*INPUT DATA*:
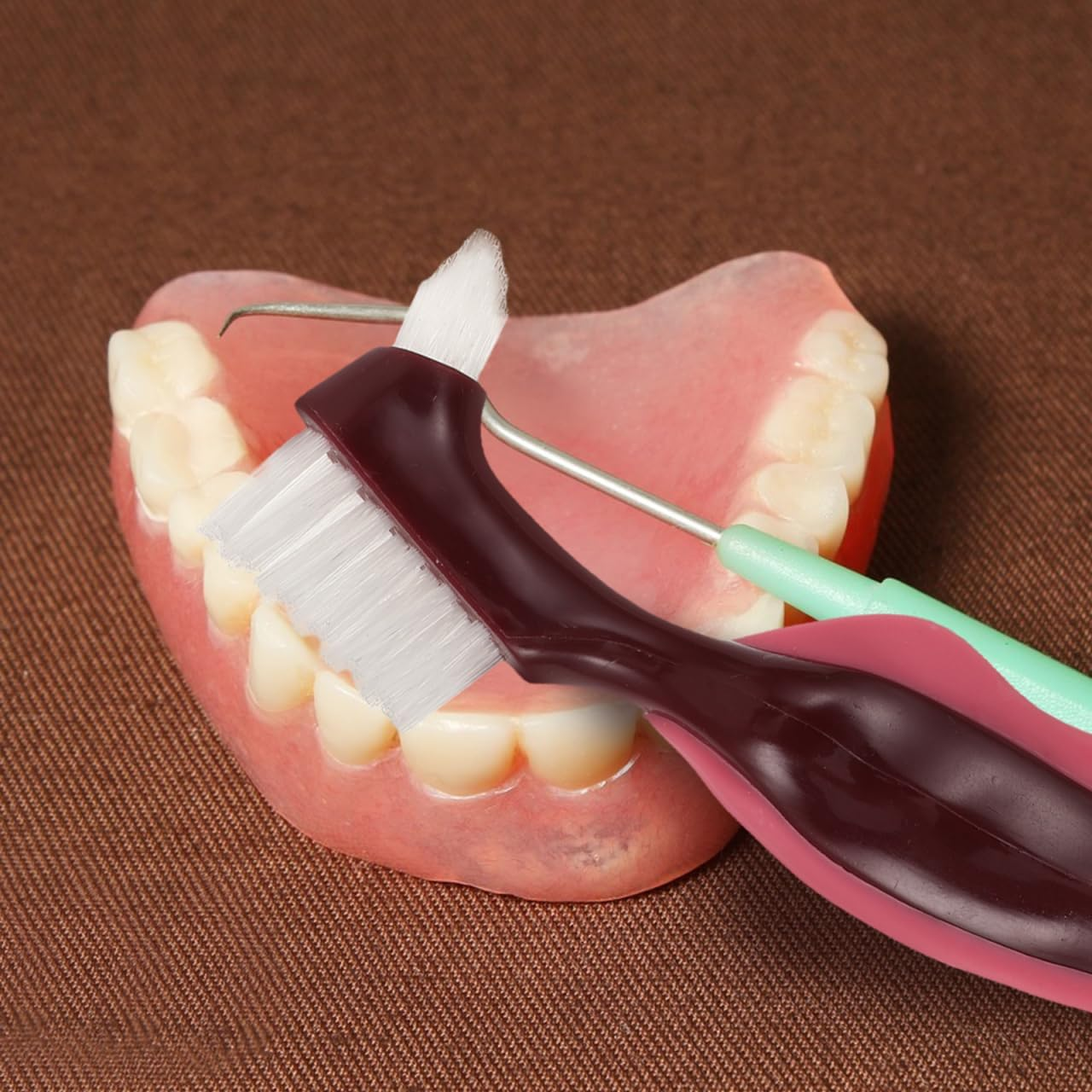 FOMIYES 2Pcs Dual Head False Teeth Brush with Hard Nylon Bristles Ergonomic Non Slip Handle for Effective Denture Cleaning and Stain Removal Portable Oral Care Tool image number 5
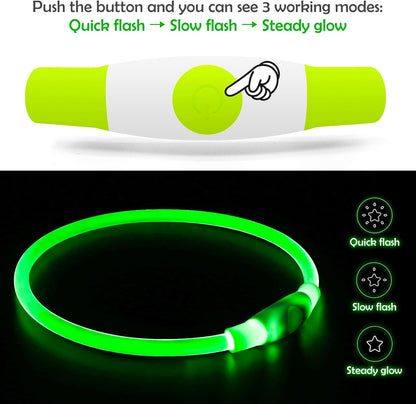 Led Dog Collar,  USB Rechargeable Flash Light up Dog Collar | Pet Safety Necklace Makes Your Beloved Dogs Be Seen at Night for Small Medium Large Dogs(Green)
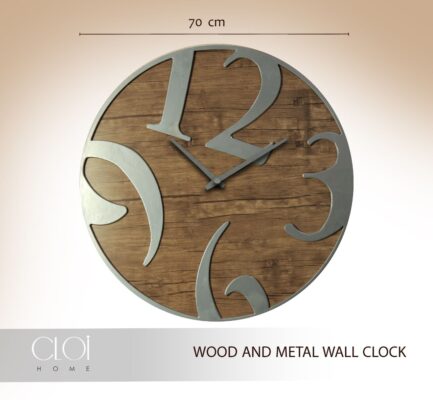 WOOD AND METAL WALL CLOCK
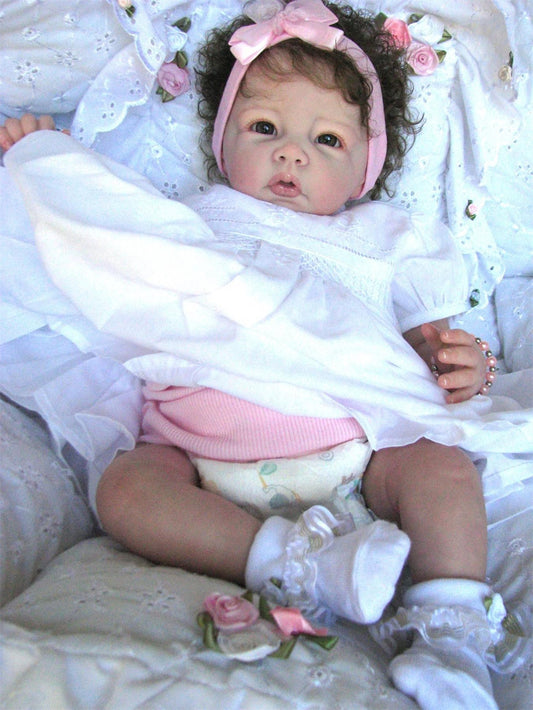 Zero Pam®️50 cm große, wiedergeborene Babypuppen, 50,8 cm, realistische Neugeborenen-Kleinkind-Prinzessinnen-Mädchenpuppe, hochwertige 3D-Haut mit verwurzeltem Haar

*INSTRUCTIONS TO FOLLOW*: Give back only the lines from the one that carries "WOOD AND METAL WALL CLOCK" through the final line above, both included. Drop all pictures.

*RESPONSE AREA*:
 WOOD AND METAL WALL CLOCK
 Zero Pam®️50 cm große, wiedergeborene Babypuppen, 50,8 cm, realistische Neugeborenen-Kleinkind-Prinzessinnen-Mädchenpuppe, hochwertige 3D-Haut mit verwurzeltem Haar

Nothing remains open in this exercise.